● **TASK DESCRIPTION**
I'd like the data beneath this line reproduced exactly, without any of its images.

● **GIVEN DATA**
[Start of Attachment]
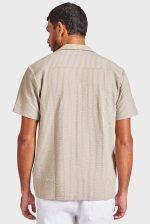 Ted Short Sleeve Shirt - Image 5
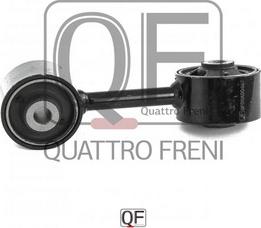 Quattro Freni QF00A00487 - Sospensione, Motore autozon.pro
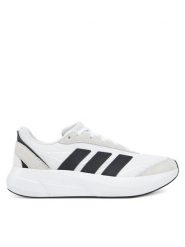 Adidas Sneakersy Zero Halo IH8609 Biały. Białe obuwie sportowe damskie Adidas, z materiału, bez zapięcia. W wyprzedaży za 219.99 zł.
[End of Attachment]
● **ANSWER BOX**
 Ted Short Sleeve Shirt - Image 5
 Quattro Freni QF00A00487 - Sospensione, Motore autozon.pro
 Adidas Sneakersy Zero Halo IH8609 Biały. Białe obuwie sportowe damskie Adidas, z materiału, bez zapięcia. W wyprzedaży za 219.99 zł.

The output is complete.